Cameron Sinclair was trained as an architect at the University of Westminster and at the Bartlett School of Architecture, University College London. During his studies, Sinclair developed an interest in social, cultural, and humanitarian design. His postgraduate thesis focused on providing shelter to New York's homeless through sustainable, transitional housing. After his studies, he moved to New York where he worked as a designer and project architect.
In 2006 Sinclair and Architecture for Humanity co-founder Kate Stohr compiled a bestselling book, Design Like You Give A Damn: Architectural Responses to Humanitarian Crises, following up in 2012 with Volume : Building Change From the Ground Up. He is heavily involved in bringing socially relevant building into academia and serves on advisory boards of the Acumen Fund, the Institute for State Effectiveness, and the Ontario College of Art and Design.
Sinclair is a TED prize recipient and is a Young Global Leader of the World Economic Forum.

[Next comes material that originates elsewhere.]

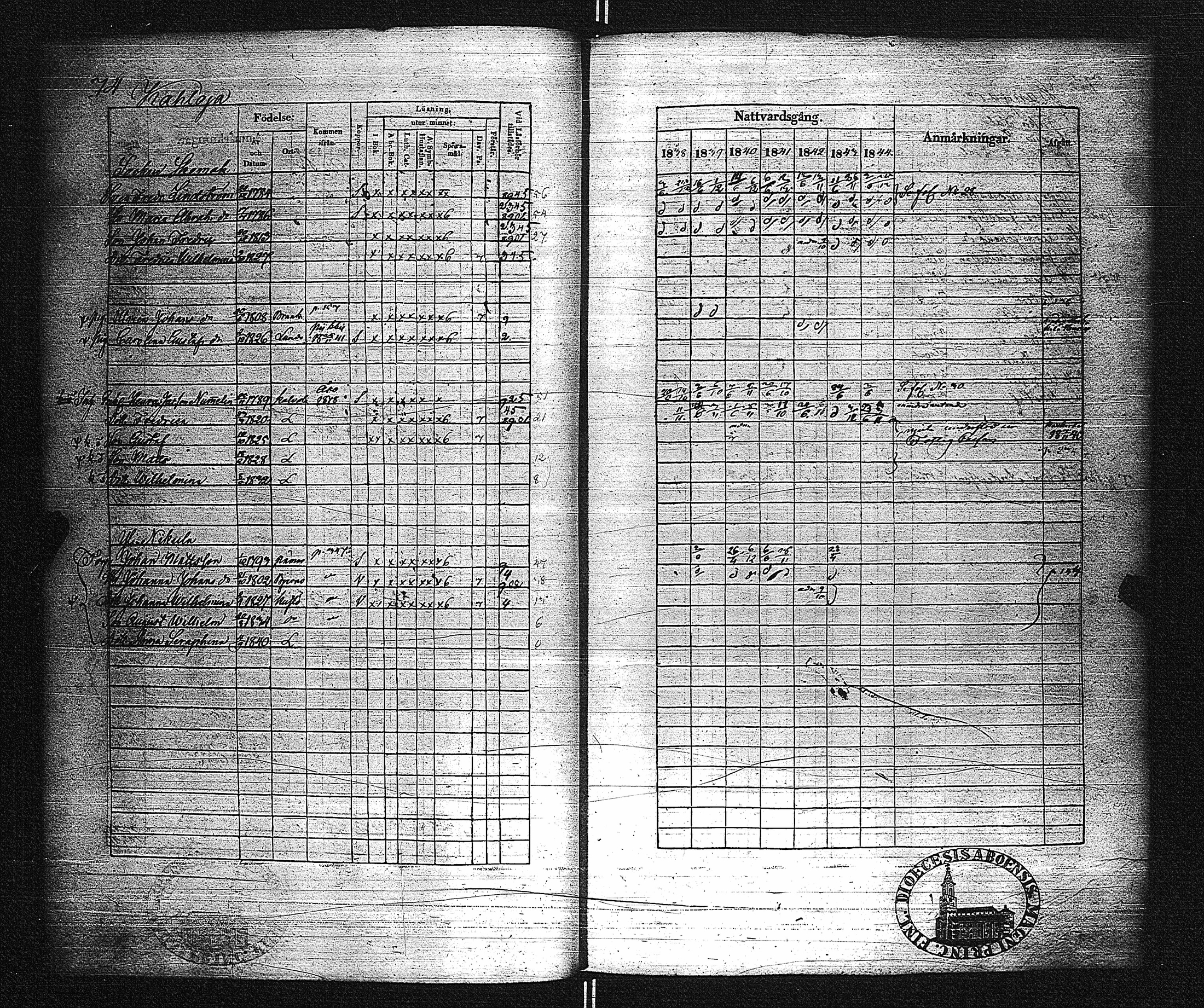 [ ../kirjat/Kirkonkirjat/lieto/rippikirja_1838-1844_jk1017-1018/kuvat/80.jpg ]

In 2008 Architecture for Humanity and its co-founders Sinclair and Stohr were named as recipients of the Design Patron Award for the National Design Awards. The following year, Sinclair and Stohr were jointly awarded the Bicentenary Medal by the Royal Society of Arts for increasing people's resourcefulness.
As a result of the 2006 TED Prize, Architecture for Humanity launched the Open Architecture Network, the world's first open source community dedicated to improving living conditions through innovative and sustainable design. Every two years this network hosts a global challenge to tackle a systemic issue within the built environment.
"I love architecture because sometimes you get awesome emails (if you are an architecture nerd that is)."